:: RECORDED DATA

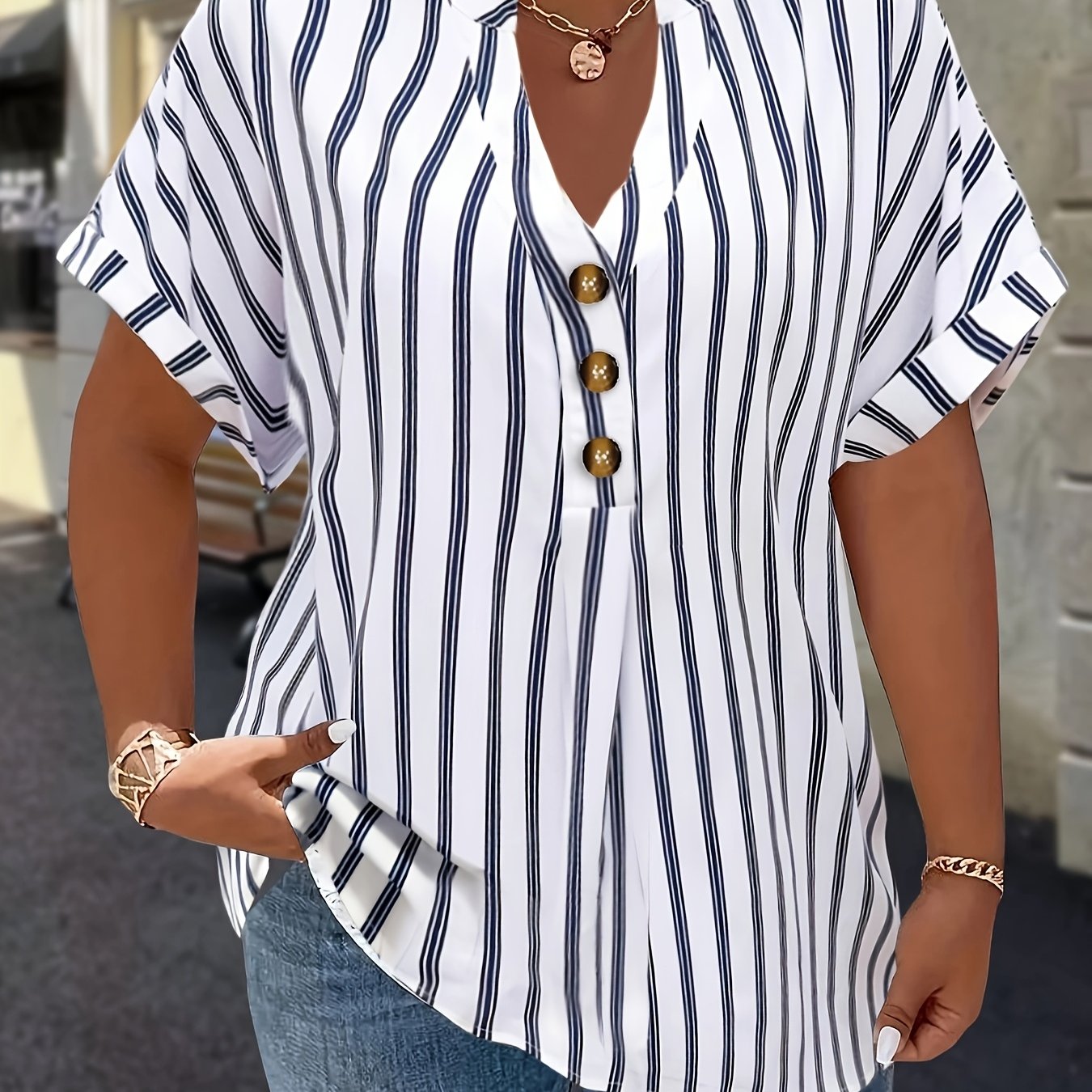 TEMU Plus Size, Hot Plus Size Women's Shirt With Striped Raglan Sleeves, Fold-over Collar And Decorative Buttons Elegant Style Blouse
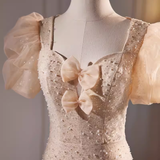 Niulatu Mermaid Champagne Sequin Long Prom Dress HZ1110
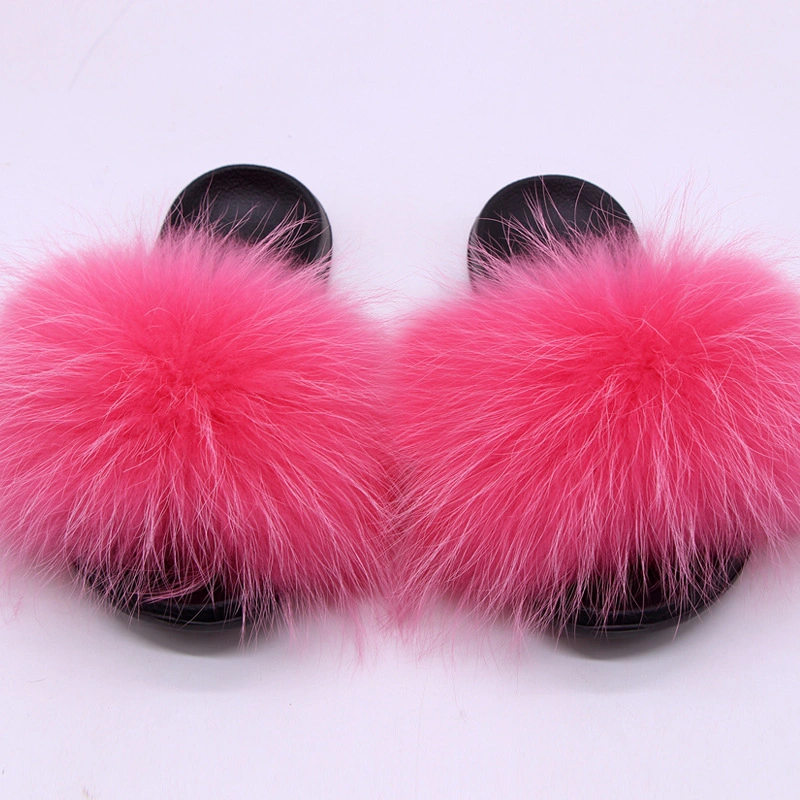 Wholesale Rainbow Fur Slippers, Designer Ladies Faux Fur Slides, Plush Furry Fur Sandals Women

::::

**WORK INSTRUCTIONS**
Return each of the lines exactly as they appear above, with no images.

**RESULT OF THIS TASK**
 TEMU Plus Size, Hot Plus Size Women's Shirt With Striped Raglan Sleeves, Fold-over Collar And Decorative Buttons Elegant Style Blouse
 Niulatu Mermaid Champagne Sequin Long Prom Dress HZ1110
 Wholesale Rainbow Fur Slippers, Designer Ladies Faux Fur Slides, Plush Furry Fur Sandals Women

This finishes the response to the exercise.